> **PROBLEM REQUIREMENTS**:
Give back the exact lines of the material below from the one containing "Sayings About Never Late #98273" through the one containing "Hoodie that says", and no pictures.

> **WORKING DATA**:
[Start of Attachment]

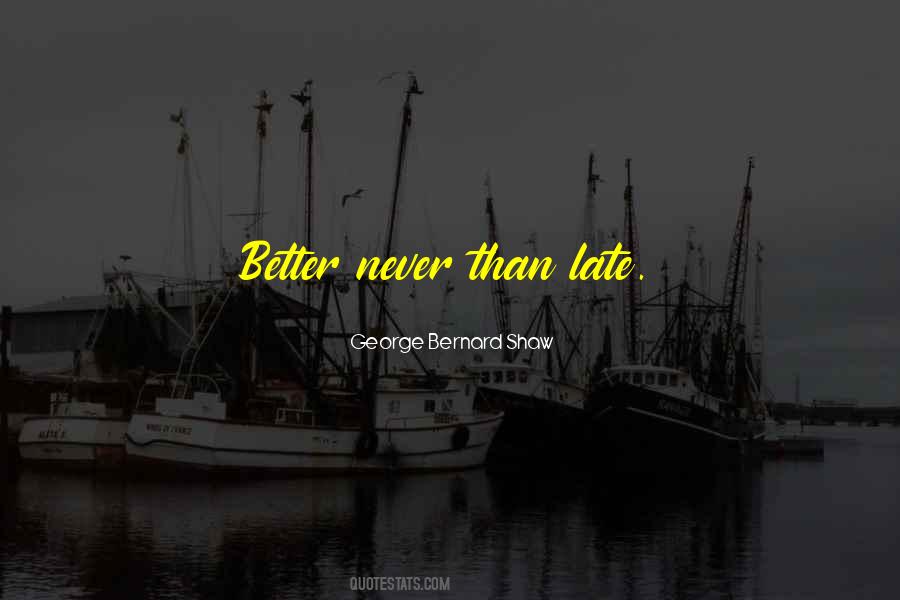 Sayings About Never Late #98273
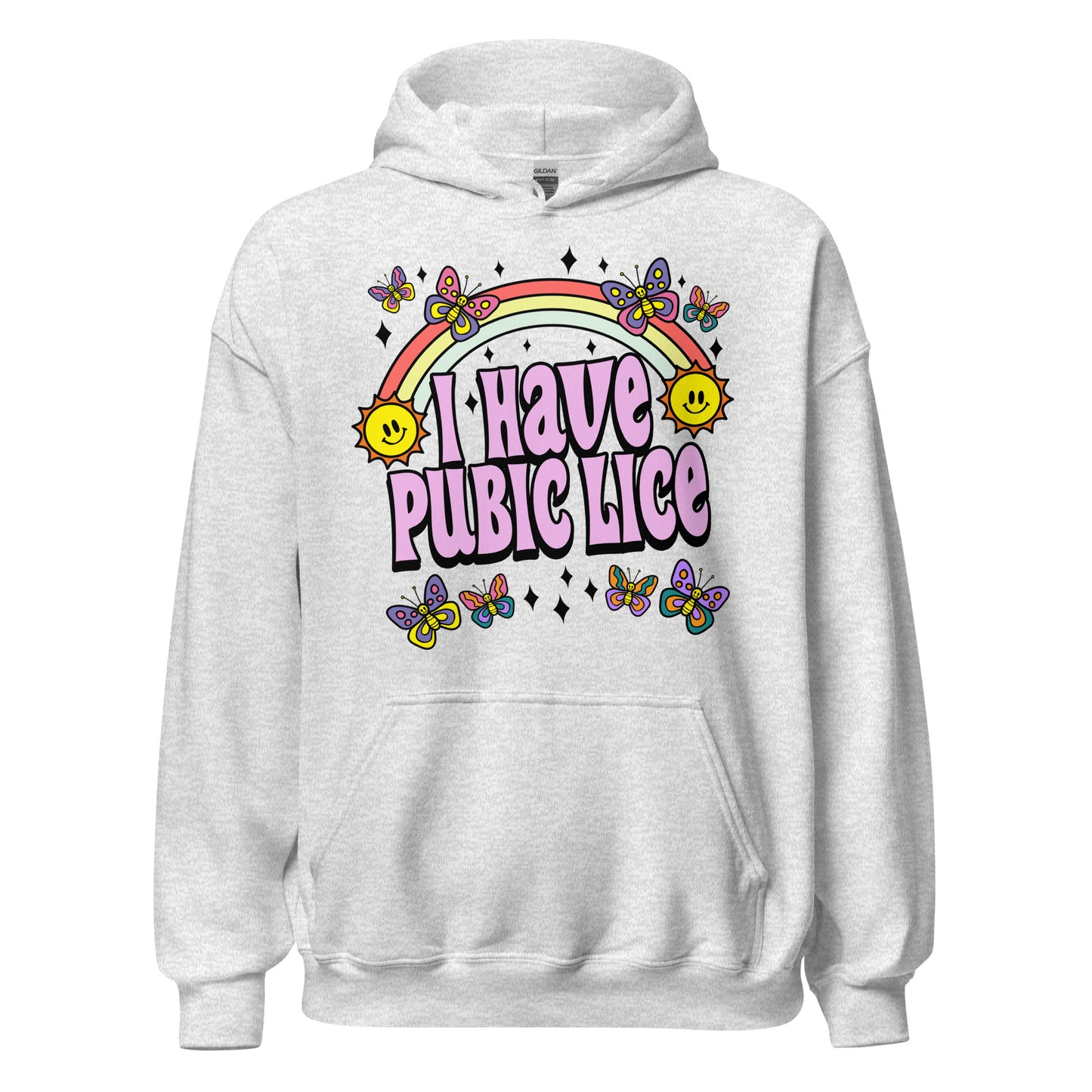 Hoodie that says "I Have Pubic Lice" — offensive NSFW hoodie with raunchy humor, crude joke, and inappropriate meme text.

[End of Attachment]
[Start of Attachment]

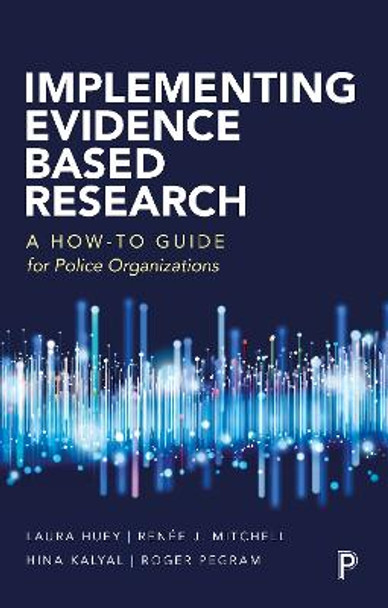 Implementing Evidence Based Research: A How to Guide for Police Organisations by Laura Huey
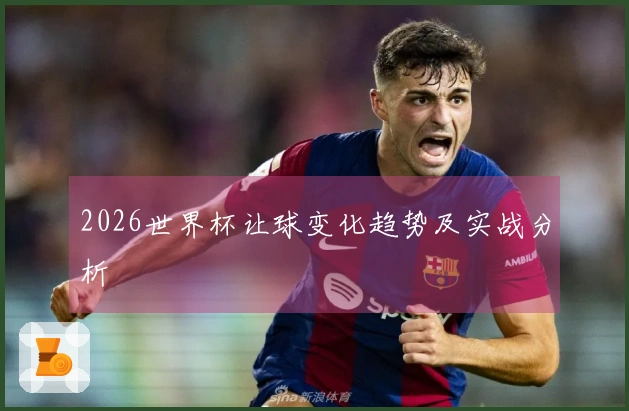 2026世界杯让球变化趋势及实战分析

[End of Attachment]

> **ANSWER SPACE**:
 Sayings About Never Late #98273
 Hoodie that says "I Have Pubic Lice" — offensive NSFW hoodie with raunchy humor, crude joke, and inappropriate meme text.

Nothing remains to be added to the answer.